Teradata Database Administration

Product
Teradata Database
Release Number
15.10
Language
English (United States)
Last Update
2018-10-06
Product Category
Software

Primary Index and Skewed Row Distribution

The hash value of the PI for a row determines where the row is stored on the AMP. In a normal environment, hash values are evenly distributed across the nodes and the AMPs within a node.

The less unique the values are for the index, the less evenly the rows of that table are distributed across the AMPs. If a table has a NUPI with thousands of instances of a single value, the table can become skewed.

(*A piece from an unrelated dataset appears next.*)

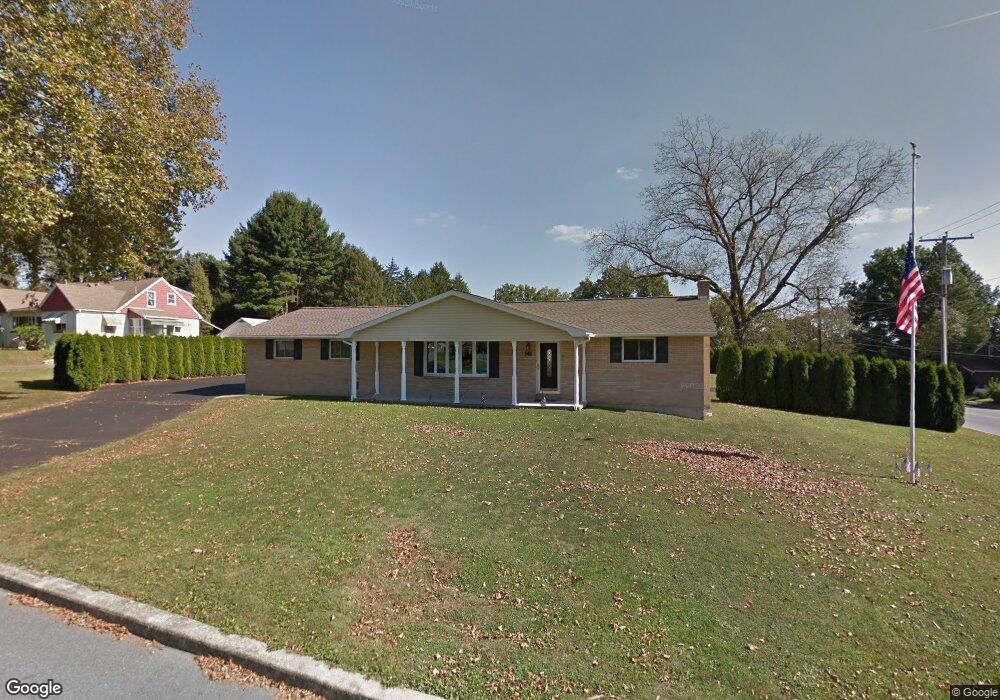 141 W 39th St, Reading, PA 19606 - photo 1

Performance Effects of a Primary Index

  • The more unique the PI, the more unique the row hash value.
  • The more unique the row hash value, the more even the data distribution across all the AMP vprocs. Even data distribution enhances parallel efficiency on full table scan operations.
  • UPIs generate the most even distribution of table rows across all AMP vprocs.
  • NUPIs generate even row distribution to the same degree that values for a column or columns are unique. Rows with the same row hash always go to the same AMP, whether they are from the same table or from different tables.
  • To determine the best PI for a table, factor in the:

  • Extent of update activity
  • Number of full table scans
  • Join activity against the PI definition
  • Frequency of PI as a selectivity column and, therefore, a potential access path
  • If a PI causes uneven data distribution, you should re-specify it according to the primary index design best practices shown in Database Design.